**The task:** Every line with "Photo" in it should be copied from the data.
▼
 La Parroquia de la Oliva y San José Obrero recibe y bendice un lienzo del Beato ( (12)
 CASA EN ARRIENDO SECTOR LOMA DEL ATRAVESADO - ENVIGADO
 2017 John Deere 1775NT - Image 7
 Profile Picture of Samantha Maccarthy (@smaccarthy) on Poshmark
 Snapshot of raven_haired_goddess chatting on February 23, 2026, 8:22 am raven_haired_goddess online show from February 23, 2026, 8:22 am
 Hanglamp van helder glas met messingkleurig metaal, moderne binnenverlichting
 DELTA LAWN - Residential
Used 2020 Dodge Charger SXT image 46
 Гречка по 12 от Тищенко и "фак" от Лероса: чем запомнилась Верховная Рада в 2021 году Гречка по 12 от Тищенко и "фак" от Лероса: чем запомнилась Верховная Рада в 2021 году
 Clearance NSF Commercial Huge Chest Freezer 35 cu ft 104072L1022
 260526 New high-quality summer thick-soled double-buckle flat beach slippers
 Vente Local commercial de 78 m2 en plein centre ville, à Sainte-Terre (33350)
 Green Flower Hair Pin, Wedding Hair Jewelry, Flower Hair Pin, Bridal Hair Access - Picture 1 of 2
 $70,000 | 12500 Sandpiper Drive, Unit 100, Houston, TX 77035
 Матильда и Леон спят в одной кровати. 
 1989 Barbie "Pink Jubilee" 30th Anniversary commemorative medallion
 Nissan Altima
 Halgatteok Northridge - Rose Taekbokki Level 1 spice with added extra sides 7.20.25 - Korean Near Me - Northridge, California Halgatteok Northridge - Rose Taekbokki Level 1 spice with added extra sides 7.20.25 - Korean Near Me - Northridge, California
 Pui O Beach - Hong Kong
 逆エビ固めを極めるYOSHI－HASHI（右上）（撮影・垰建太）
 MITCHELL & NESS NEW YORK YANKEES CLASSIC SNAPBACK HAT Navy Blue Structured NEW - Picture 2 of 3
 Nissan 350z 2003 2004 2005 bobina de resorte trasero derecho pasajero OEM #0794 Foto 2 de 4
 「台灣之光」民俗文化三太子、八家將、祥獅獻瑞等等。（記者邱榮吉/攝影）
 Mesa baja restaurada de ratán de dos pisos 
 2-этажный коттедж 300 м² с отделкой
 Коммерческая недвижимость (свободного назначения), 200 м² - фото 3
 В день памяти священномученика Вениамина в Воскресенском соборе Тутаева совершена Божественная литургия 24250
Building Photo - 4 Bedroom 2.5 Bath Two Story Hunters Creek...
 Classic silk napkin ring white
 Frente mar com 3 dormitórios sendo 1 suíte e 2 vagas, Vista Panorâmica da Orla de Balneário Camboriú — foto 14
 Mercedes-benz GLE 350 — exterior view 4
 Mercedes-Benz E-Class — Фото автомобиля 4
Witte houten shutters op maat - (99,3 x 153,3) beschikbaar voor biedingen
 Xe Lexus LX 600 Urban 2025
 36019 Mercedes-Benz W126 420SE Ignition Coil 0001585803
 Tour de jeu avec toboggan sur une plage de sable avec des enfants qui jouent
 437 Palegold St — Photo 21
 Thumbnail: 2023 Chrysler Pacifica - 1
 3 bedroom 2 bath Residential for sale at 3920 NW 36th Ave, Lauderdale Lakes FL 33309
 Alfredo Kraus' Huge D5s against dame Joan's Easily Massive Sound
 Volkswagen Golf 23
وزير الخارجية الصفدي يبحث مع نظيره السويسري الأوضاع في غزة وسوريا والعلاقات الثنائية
▲
**Your solution:**
Building Photo - 4 Bedroom 2.5 Bath Two Story Hunters Creek...
 437 Palegold St — Photo 21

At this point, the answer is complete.